To use VNC in Linux Deploy, just go to the parameters of the current profile and select VNC as the graphics subsystem (“Properties” -> “Graphics subsystem” -> “VNC”). And then, if necessary, you can change the settings of the VNC server in the menu “Properties” -> “GUI settings”. After that, when you start GNU/Linux, the desktop environment will run inside a virtual X server, access to which will be open to the VNC client. To connect to the server in the VNC client, it is enough to specify the IP address of this device (the IP address is displayed in the top line of the Linux Deploy application) and the number of the display to which you want to connect.
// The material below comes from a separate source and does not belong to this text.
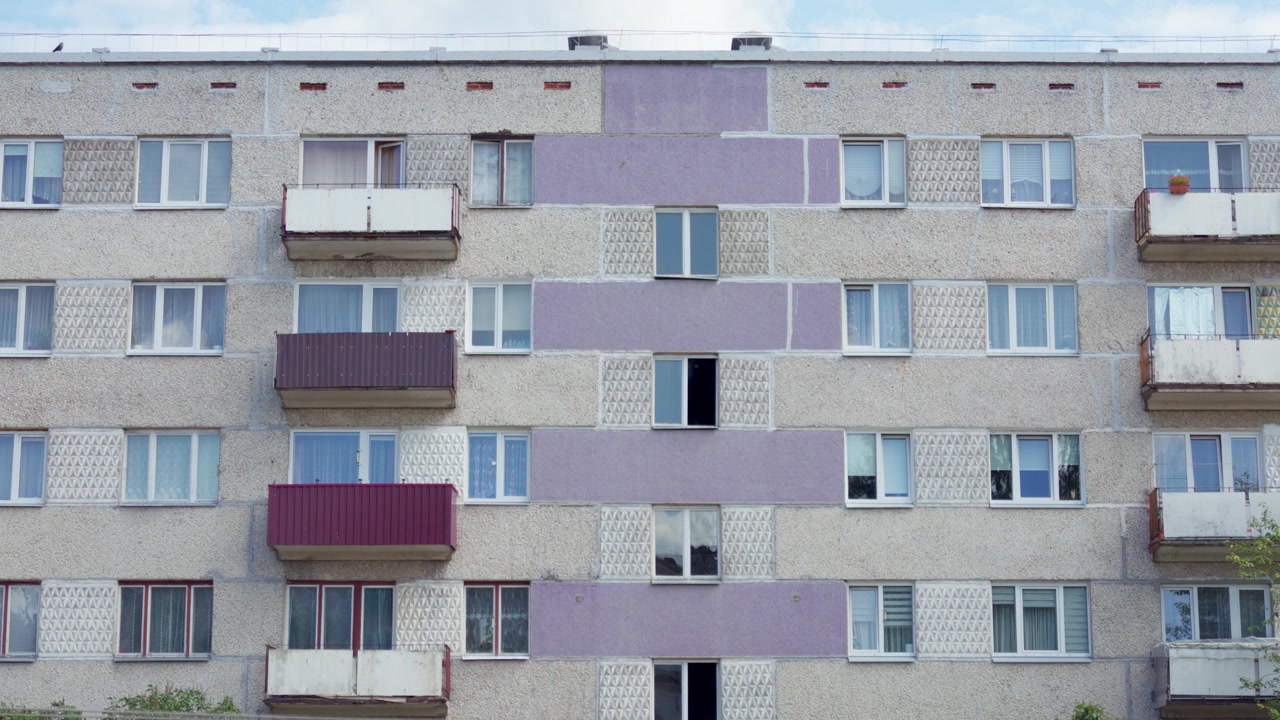 Statický střední záběr ukazující fasádu panelového domu ze sovětské éry s balkony v Daugavpilsu za jasného letního dne, odrážející kontext městského baltského bydlení.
Another graphical subsystem that allows you to run GNU/Linux in parallel with Android is the X Server mode (X Window System). The mode is also enabled in the parameters of the graphics subsystem (“Properties” -> “Graphics subsystem” -> “X11”). This mode allows you to run the graphical desktop environment on a third-party X-server. Here, the server is responsible for drawing graphics and displaying it on a video adapter, and the client is responsible for executing applications and transmitting graphics to the server. So, in this case, the client is the GNU/Linux system and the applications running in it, and the server is another application in Android (for example, XServer XSDL), or even on another computer (for example, Xorg, Xnest, Xephyr, Xming). The X-server allows to some extent to solve the issue of performance and significantly increase the responsiveness of graphical interfaces, while not depriving the ability to use the necessary functions of the Android device in case of local server startup.
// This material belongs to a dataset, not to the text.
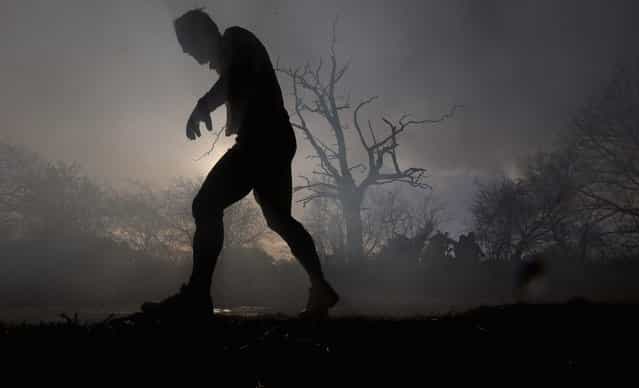 A competitor in action during the Tough Guy Challenge on January 27, 2013 in Telford, England. (Photo by Ian Walton)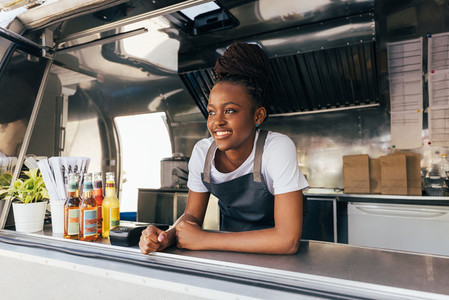 Smiling saleswoman in apron leaning counter standing in a food truck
To display graphics on an external X-server, the Linux Deploy settings should specify the server address (IP or hostname) and the server display. Then run the X server and then run GNU/Linux via Linux Deploy. After that, the desktop environment should start on the specified X-server. According to this scheme, thin clients work, only in this case the role of a thin client is performed by a computer (or the device itself), and the role of a server is a phone/tablet.
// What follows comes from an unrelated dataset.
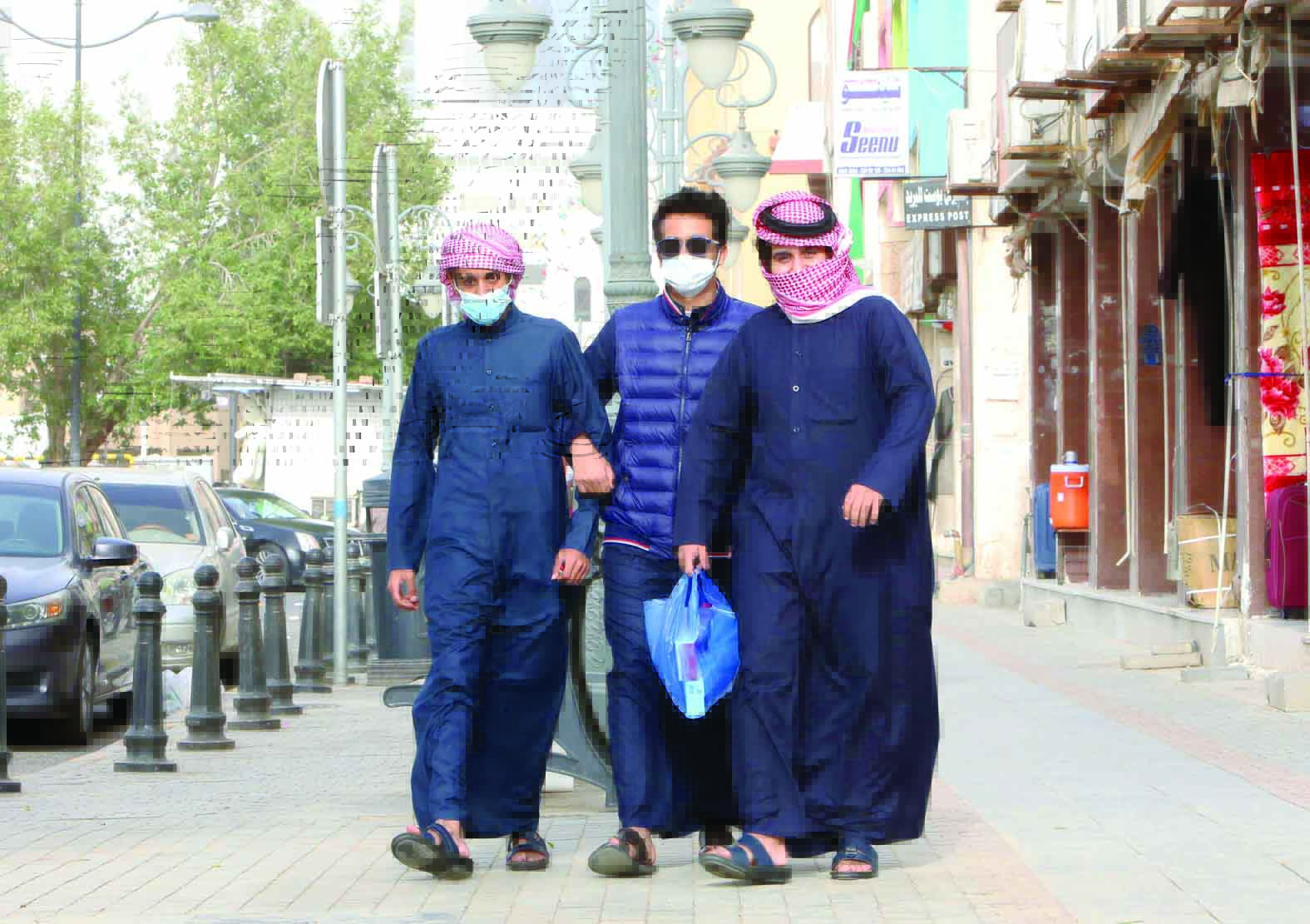 Kuwaitis wearing protective masks as they shops in Kuwait City on February 26, 2020.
Finally, another graphics subsystem mode should be mentioned — framebuffer. In this mode, when GNU/Linux graphics are displayed by applications, there are no intermediaries, everything works as in full-fledged desktop distributions. The included Xorg distribution server is configured in such a way that the graphics are displayed through a special driver — fbdev. The video device address (for example, /dev/graphics/fb0) and input devices (for example, /dev/input/event2 for the touchscreen) are configured separately to work directly with hardware. This mode instructs the X server to redirect the image directly to the video device, as well as use direct access to input devices. In this case, there is a gain in performance due to direct access to the hardware resources of the device. But there is a downside. Unfortunately, the Android and GNU/Linux graphics subsystem cannot run at the same time. To be able to run GNU/Linux graphics applications in this mode, Linux Deploy suspends Android while Linux applications are running. After the end of the graphical session, Android correctly restarts without having to restart the device (however, there are other options, both with a full stop of Android, and without stopping at all). Another limitation of the use of this mode is the problem of compatibility of Xorg with the hardware resources of the device in some cases.

To switch Linux Deploy to framebuffer mode, select the appropriate graphics subsystem (“Properties” -> “Graphics subsystem” -> “Framebuffer”). If no X server is selected in the list of components, do so (“Properties” -> “Select components”) and reconfigure (“Properties” -> “Reconfigure”) to install the required packages. In the parameters of the graphics subsystem (“Properties” -> “GUI settings”), specify the video device and the input device of a particular device. You may also need to freeze Android UI for this mode to work properly. The Xorg server settings can be configured more subtly in the /etc/X11/xorg.conf file within the environment of the installed distribution.